Las Medallas de Extremadura (instauradas 1986) tienen ya una larga trayectoria que las imprime una cierta credibilidad. Prácticamente son potestativas del presidente de la Junta, que escucha y consulta sobre las diversas candidaturas. Pero bien es cierto que estas candidaturas reciben numerosos apoyos que, en algún momento, pueden convertirse en presiones.
Y en este punto he de valorar, más que narrar lo que cualquiera sabe. He formado parte de algún jurado de este tipo (pocos) y en ellos se ha impuesto la cordura de elegir para la distinción a personas que han realizado acciones por el bien de su ciudad, autonomía, etc. sin buscar su interés personal y pretendiendo sólo el beneficio de sus conciudadanos, incluso viviendo lejos de los lugares que habían de distinguirles.
En este grupo último incluyo las Medallas de Extremadura concedidas en 2012. La intensa labor callada de Delfín Hernández, la labor musical por Extremadura realizada por Miguel del Barco, el paseo mundial que Quadra – Salcedo ha dado a Extremadura y a sus hombre, o el esfuerzo literario callado, aunque reconocido, realizado por Víctor Chamorro, bien merecen la Medalla y nada hay que objetar. Bien es cierto que la Medalla de Víctor Chamorro se barruntaba hace algunos años y que no se han tenido en cuenta sus candidaturas anteriores. Es lo que tiene ser “políticamente incorrecto”.
Y por último, no puedo sino alabar la concesión de la Medalla a las Hermanas Servidoras de Jesús en los enfermos pobres del Cottolengo del Padre Alegre que desde hace 60 años, nada menos, realizan una extraordinaria labor humanitaria y caritativa en la alquería de La Fragosa, en las Hurdes.
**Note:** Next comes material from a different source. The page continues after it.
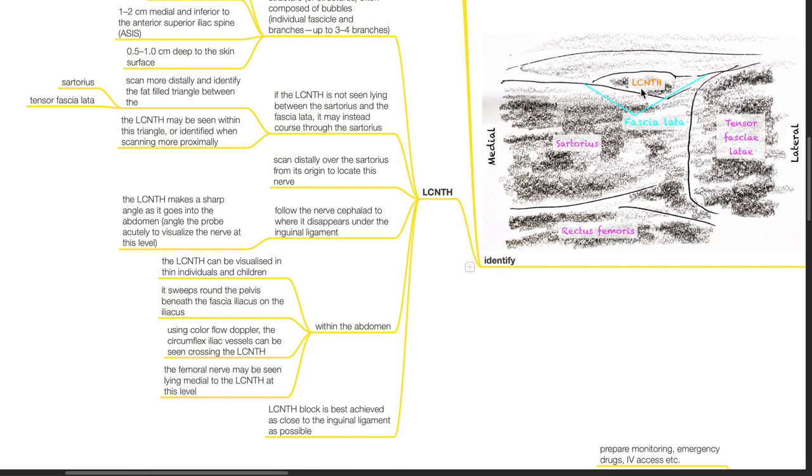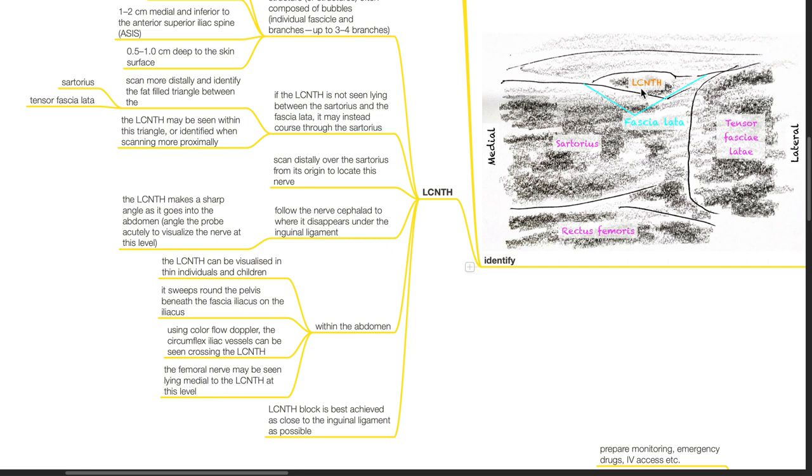Follow the nerve cephalad to where it disappears under the inguinal ligament. The LCNTH makes a sharp angle as it goes into the abdomen. Angle the probe acutely to visualize the nerve at this level. Within the abdomen, the LCNTH can be visualized in thin individuals and children. It sweeps around the pelvis beneath the fascia iliaca on the iliacus.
En mi opinión, cumplen todos los requisitos para recibir la Medalla de Extremadura como principio de otros más altos galardones que sin duda ellas no pretenden.
Y el que esto escribe habla con conocimiento de estas abnegadas y entregadas mujeres. Allá por el verano de 1967 (Lino, corrígeme si me equivoco) tuvo la suerte de pasar una temporada con ellas ayudando en lo que podía, que era más bien poco. Me tocó pintar unas dependencias recién construidas y que necesitaban con urgencia. El sacerdote de entonces, Francisco Valiente, también tiró de brocha y entre tres personas terminamos el obrazo en fecha y forma, aunque me temo que no en calidad.


Entre brochazo y brochazo, también echaba una mano en lo que podía, servir comida o sacar a la hermosa terraza a aquellos que no se valían por sí mismos. La mayoría de las monjas eran catalanas, y las más mayores se expresaban torpemente en castellano, lo que no fue óbice para que nos entendiéramos perfectamente y para que, incluso, nos enseñaran algo de catalán. La convivencia era alegre y sencilla, pero muy profunda.
La despedida fue trágica. Algunos enfermos, en lenguaje casi ininteligible, hicieron discursos. Otros bailaron alguna danza. Incluso hubo quien, bien instruido por las monjas, nos regalaron un puro.
De vuelta, camino de Plasencia, al llegar a Caminomorisco, los dos compañeros que fuimos tuvimos unas ganas enormes de volver y quedarnos. Pero no podía ser. Se acercaba el comienzo del curso escolar y debíamos proseguir nuestros estudios.
Y voy a omitir las penalidades del viaje de ida, que tuvimos que hacer más de 10 kilómetros a pie, tras hacer noche en Casar de Palomero, porque no había más medio de comunicación.
He vuelto a La Fragosa, muchas veces. Y siempre me han asaltado las ganas enormes de quedarme.
Las Medallas están en el buen camino o han tomado el buen camino. Y a continuar. Se han seguido criterios irreprochables, que ya quisieran seguir en el pueblo de Amando de Miguel.
Y perdona, director, por la longitud de esta columnilla y por meterme en camisas de once varas.